If $j$ is a function with $V_{\lambda+1}\subseteq\mathrm{Dom}(f)$, then define a mapping $j\upharpoonright_{\lambda+1}:V_{\lambda+1}\rightarrow V_{\lambda+1}$ by letting $j\upharpoonright_{\lambda+1}(A)=j(A)\cap V_{\lambda}$ for each $A\subseteq V_{\lambda}$.

Suppose that $\lambda$ is an inaccessible cardinal. Then we shall say that a function $f:V_{\lambda+1}\rightarrow V_{\lambda+1}$ is an extendibility mapping if for all $\alpha>\lambda$ there is some elementary embedding $j:V_{\alpha}\rightarrow V_{\beta}$ where $f=j\upharpoonright_{\lambda+1}$. If $\kappa<\lambda$ and $\lambda$ is inaccessible, then $\kappa$ is extendible if and only if there is some extendibility mapping $f:V_{\lambda+1}\rightarrow V_{\lambda+1}$ with $\mathrm{crit}(f)=\kappa.$

Let $\Phi(f_{1},...,f_{n},\lambda)$ denote the following formula.

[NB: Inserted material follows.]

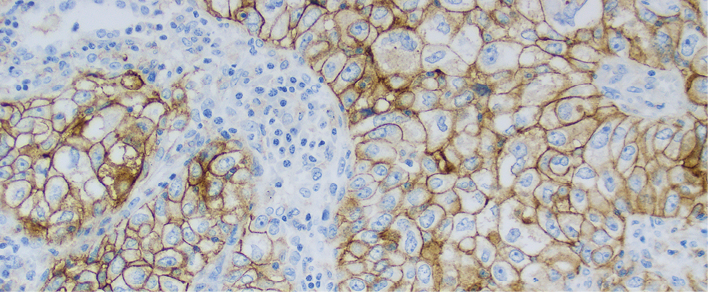 Image of the PD-L1 IHC 22C3 pharmDx NSCLC Interpretation Manual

i. $f_{1},...,f_{n}:V_{\lambda+1}\rightarrow V_{\lambda+1}$ are non-trivial extendibility mappings with $\mathrm{crit}(f_{1})<...<\mathrm{crit}(f_{n})<\lambda$ and $\lambda$ inaccessible, and

ii. whenever $1\leq i<j\leq n$ and $\alpha>\lambda$ and $j:V_{\alpha}\rightarrow V_{\beta}$ is an elementary embedding with $j\upharpoonright_{\lambda+1}=f_{j}$ then $(j(f_{i}))\upharpoonright_{\lambda+1}=f_{i}$.

Is the existence of $n$ extendible cardinals equiconsistent with the existence of extendibility mappings $f_{1},...,f_{n}:V_{\lambda+1}\rightarrow V_{\lambda+1}$ where $\Phi(f_{1},...,f_{n},\lambda)$ is false?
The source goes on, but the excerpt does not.